Um nicht bloss die hundertste langweilige Anleitung für Selfies zu schreiben, gibt es hier stattdessen ein Spiel zum Nachmachen. Jeder macht zu Hause fünf möglichst unterschiedliche Selbstporträts. Wer schiesst die besseren Bilder? Wir haben noch die Regel aufstellt, dass ein Foto von einem Smartphone stammen muss. Die andere Person muss herausfinden, welches Foto das ist.

Tom fotografiert Tom

Tom, da kannst du mich auch mit einem absichtlich schlecht gemachten Foto nicht täuschen! Das sieht geblitzt aus. Daher nehme ich an, dass es nicht mit einem Smartphone geschossen wurde.

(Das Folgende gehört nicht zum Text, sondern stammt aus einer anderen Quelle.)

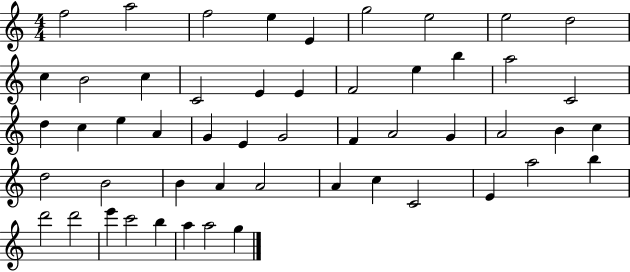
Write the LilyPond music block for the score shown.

{
  \clef treble
  \numericTimeSignature
  \time 4/4
  \key c \major
  f''2 a''2 | f''2 e''4 e'4 | g''2 e''2 | e''2 d''2 | \break c''4 b'2 c''4 | c'2 e'4 e'4 | f'2 e''4 b''4 | a''2 c'2 | \break d''4 c''4 e''4 a'4 | g'4 e'4 g'2 | f'4 a'2 g'4 | a'2 b'4 c''4 | \break d''2 b'2 | b'4 a'4 a'2 | a'4 c''4 c'2 | e'4 a''2 b''4 | \break d'''2 d'''2 | e'''4 c'''2 b''4 | a''4 a''2 g''4 | \bar "|."
}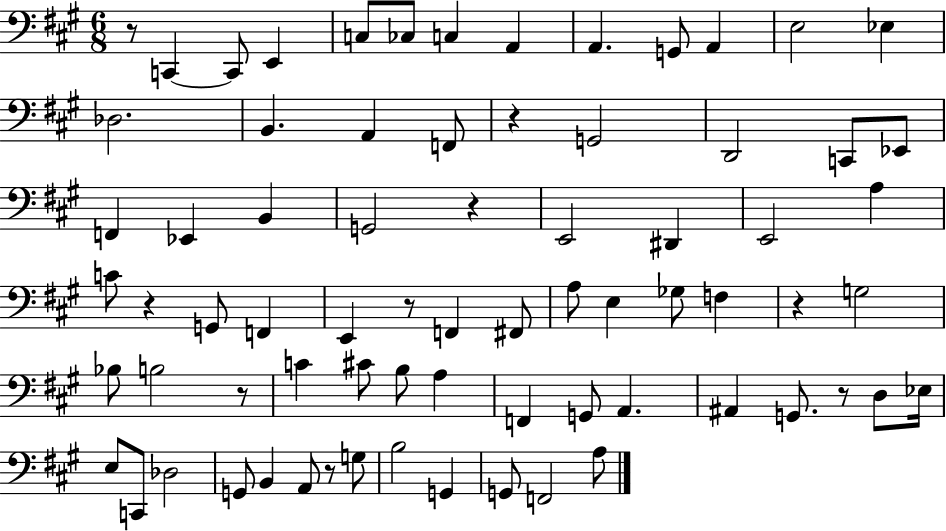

Toms Kommentar: «Ja genau, hier habe ich mit der Nikon D810 fotografiert. Dazu habe ich das Blitzgerät Nikon SB-700 auf der Kamera aufgesteckt. Der frontale direkte Blitz ist nicht immer passend, aber ich finde, er hat etwas Ehrliches. Er ist direkt, beschönigt nichts. Leider zeigt dieser Ausdruck wirklich etwas Echtes von mir: Wenn ich in etwas vertieft bin, presse ich die Zunge oftmals auf die Unterlippe.»

Aufnahmedaten: Nikon D810, 1/200 Sek., f/9, 50 ISO, Brennweite 35 mm. Zur besseren Vergleichbarkeit des Bildausschnitts rechne ich alle Brennweitenangaben auf das Vollformat um.


Sehr schön. Die Idee gefällt mir. Ich schliesse auch hier ein Smartphone aus, denn dann wäre das Profil im Vordergrund nicht so unscharf.

Tom bestätigt das: «Gleiches Kamera- und Blitzsetup wie beim ersten Bild. Nun habe ich mich aber seitlich über die Schulter in einen Spiegel fotografiert. Die Kleber sollen vermitteln, dass man sich selber nicht immer allzu ernst nehmen sollte.»

Aufnahmedaten: Nikon D810, 1/200 Sek., f/5.6, 50 ISO, 50 mm.


Mir gefällt der schwarze Hintergrund. Die Kamera meistert die harten Kontraste souverän. Ich weiss, dass Smartphones in diesem Punkt grosse Fortschritte gemacht haben, aber hier tippe ich dennoch auf eine Kamera mit grossem Sensor.

Wie sich herausstellt, liege ich falsch. «Mein Smartphone-Bild. Mit dem Selfiemodus gehen solche Portraits erstaunlich gut. Man sieht auf dem Smartphone live das Ergebnis. Der Schatten wurde mit dem Vorhang erzeugt. Und der Hintergrund ist schwarz, weil dort kein Licht hin kam. Das Foto habe ich anschliessend in Lightroom nachbearbeitet. Und ja klar: Mein Ziel bei der Bearbeitung war genau, den Look so ähnlich wie möglich mit den anderen Bildern zu machen. Was gar nicht so einfach war.

Aufnahmedaten: Google Pixel 3, 1/3571 Sek., f/1.8, 60 ISO, 28 mm.


Das ist wahrscheinlich auch geblitzt, kombiniert mit einer Langzeitbelichtung. Ich wüsste nicht, wie das mit einem Smartphone gehen soll.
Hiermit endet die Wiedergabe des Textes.